O’Connell begins by lecturing the reader on the concept of military strategy and concludes that Sherman’s ultimate career goal was national consolidation of the central bond of the North American continent and Manifest Destiny.  He further concludes that he never wanted to be in total command during his military career, as it was difficult enough being in charge of strategy.  These conclusions are well supported in the first two-thirds of the book that make up section one.  O’Connell is on firm ground with his theme and goes on to support his argument as he takes the reader through Sherman’s career at West Point, the Second Seminole War of 1835-1842, a stint at on the Sullivan Islands across the harbor from Charleston, South Carolina, as a recruiting officer in the Pittsburgh region, a stationing in California, and investigating corruption in New Orleans.  What should be apparent is that the most important activity of this time period was the Mexican War, which Sherman missed out on, while others from his graduating class at West Point began to earn their reputations.  As a strategist what was most important for Sherman at this juncture of his life was his discovery of the importance of the Mississippi which fit his world view as he would describe the region as the “spinal column of America.”  Sherman’s love for geography and topography was born at this time and along with a photographic memory for detail.  This would allow him to remember almost every aspect from each area that he transverses in his career fostering the development of a data base that in part explains his success as a strategist during the Civil War.

(The Union siege of Vicksburg, July, 1863)

It is O’Connell’s discussion of the Civil War that is the strongest part of the book.  O’Connell does pepper this section with details concerning his upbringing, his relationship with the Ewing family, his marriage and raising a family all of which are important enough, but detail later in the book clarifies a great deal of what is discussed here.  In a sense the Civil War saved Sherman’s career.  By the early 1850s Sherman leaves the army and tries his hand in the private sector.  His father-in-law, Thomas Ewing, a cabinet officer, politician, and wealthy individual wanted him to take over  a Salt Mine he owned near his home in Lancaster, Ohio which became part of a tug of war between the Ewing family and his wife Ellen, and what Sherman wanted to do with his life.  The Ewing-Sherman relationship at times dominates the narrative as Sherman tries to be his own man and continually win over his wife.  The period preceding the Civil War was probably the worst period for Sherman.  His career as a New York banker ended with the crash of 1857.  He returned to California as a banker but due to the economy the venture was a failure.  He finally gives into Thomas Ewing’s urging and runs one of the the family businesses in Leavenworth, Ka.  It became increasingly clear to Sherman the only arena that he felt comfortable in was the military and after the election of Lincoln he rejoins the army and with secession his career is saved.

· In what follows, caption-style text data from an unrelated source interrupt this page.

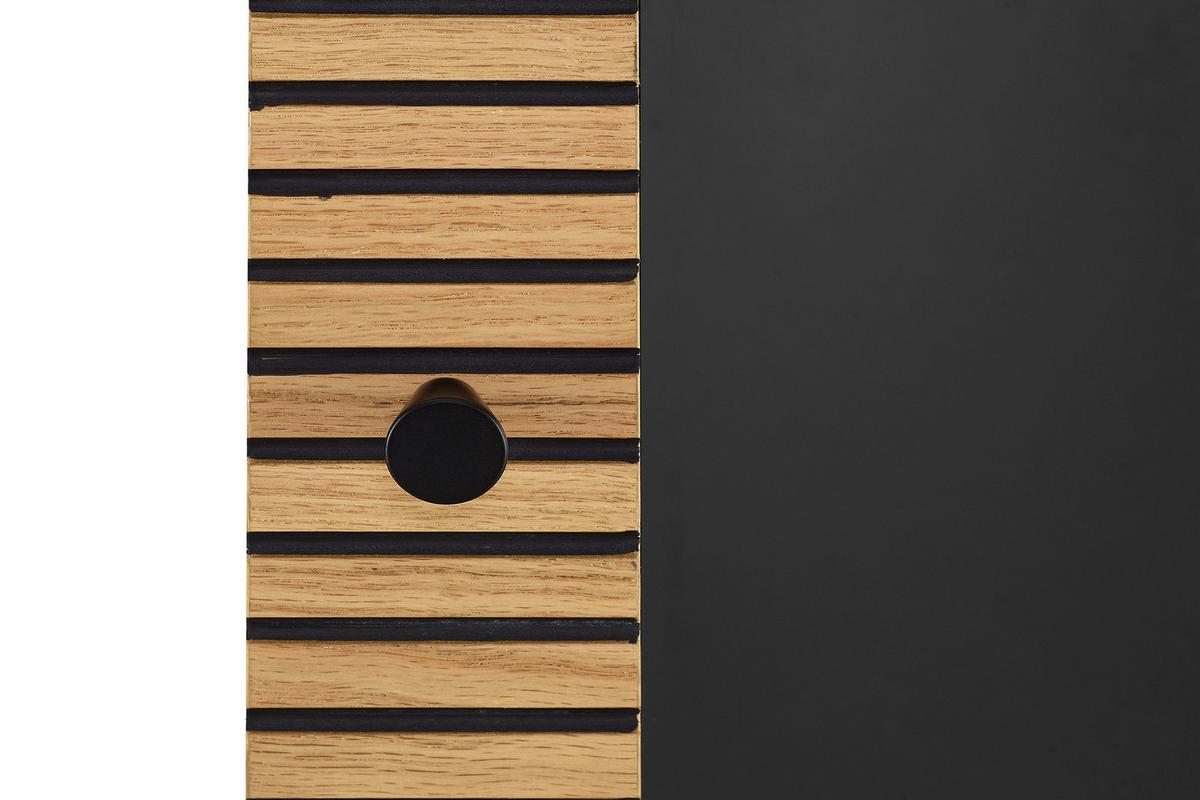 Vitrine Schwarz, Eiche Dekor B: 40cm - Klar/Eichefarben, Design, Glas/Holz (40/179/43cm) - Livetastic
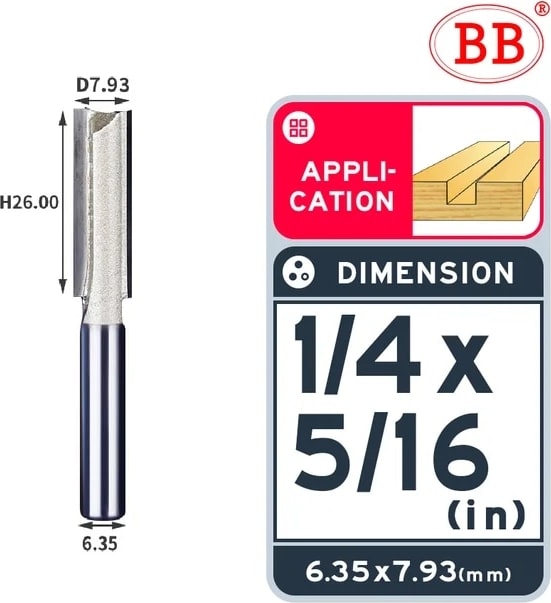 1-4x5-16 Bb Düz Bit 1/4 1/2 Ağaç Işleme Planya 1 2 Flüt Uzun Bıçak Yönlendirici Bit Aracı End Mill Kesici Yan Çalışma (Yurt Dışından)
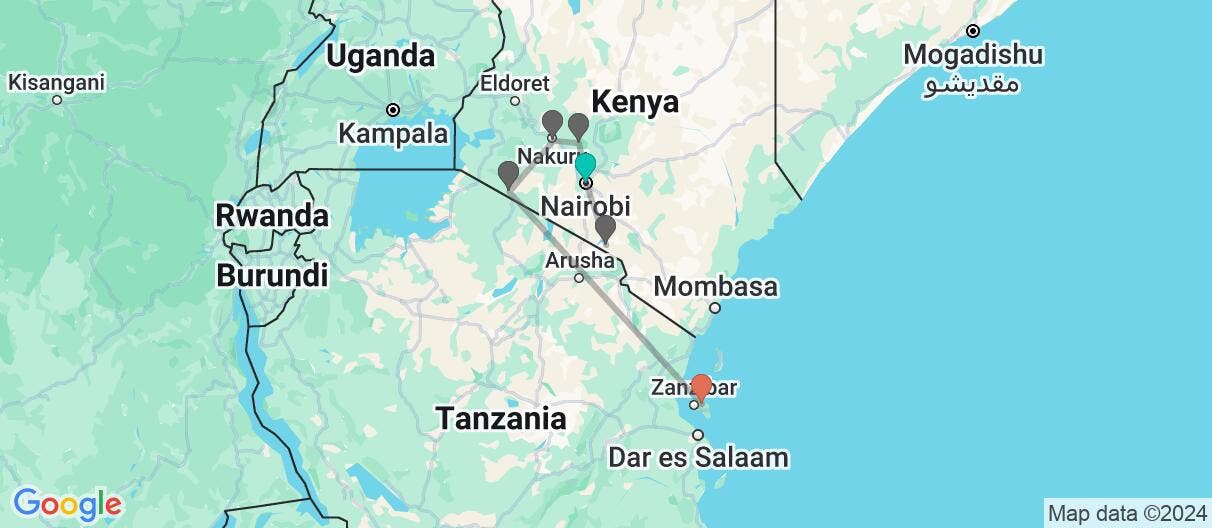 Map of Luxury Safari & All-Inclusive Zanzibar 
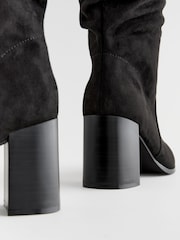 Black Forever Comfort® Knee High Slouch Block Heeled Boots - Image 6 of 7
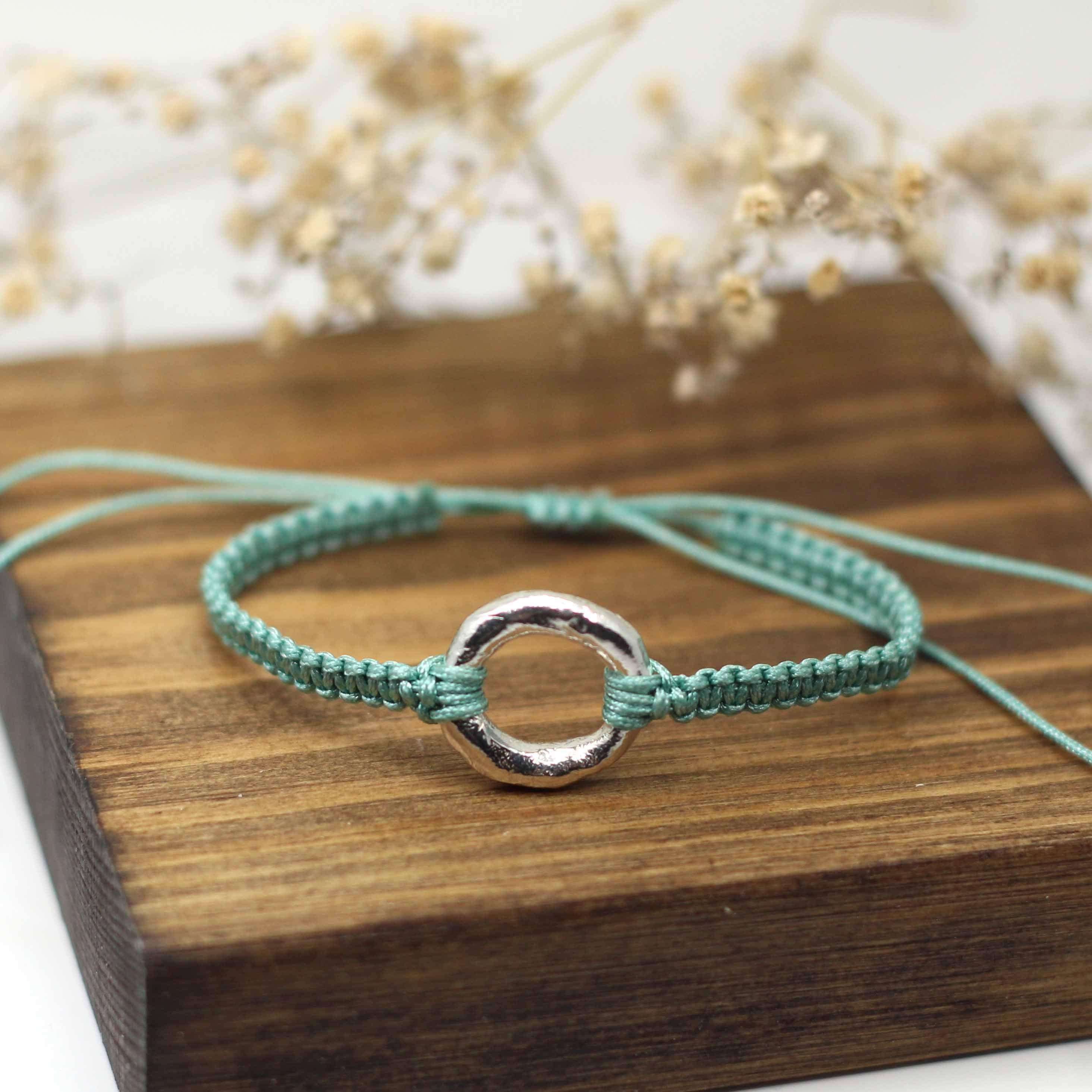 Maggie Read Jewellery Rings Sterling silver Molten Metal Organic Circle Woven Bracelet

The author spends a prodigious amount of time discussing the major battles that Sherman was involved in.  The reader witnesses how Sherman trains and develops the army of the west and making it into one of the best fighting forces in American history by the end of the war.  We witness how Sherman cultivated his soldiers to believe in him and how he developed his command.  The knowledge of American geography is applied and we see his strategy unfold.  O’Connell delves into the egos of the period, be it Sherman, Henry Halleck, Simon Cameron, Edwin Stanton, Ulysses S. Grant and others and the personality conflicts that were readily apparent.  Sherman’s logistical genius greatly assisted Grant in Tennessee resulting in the Sherman-Grant relationship that was based on mutual trust.  Sherman was content to being Grant’s “wing man” or second in command and the relationship flourished.  Sherman suffered from depression and Grant tended to imbibe a bit too much as Sherman described their relationship, “he stood by me when I was crazy and I stood by him when he was drunk, now sir we stand by each other always.” (95)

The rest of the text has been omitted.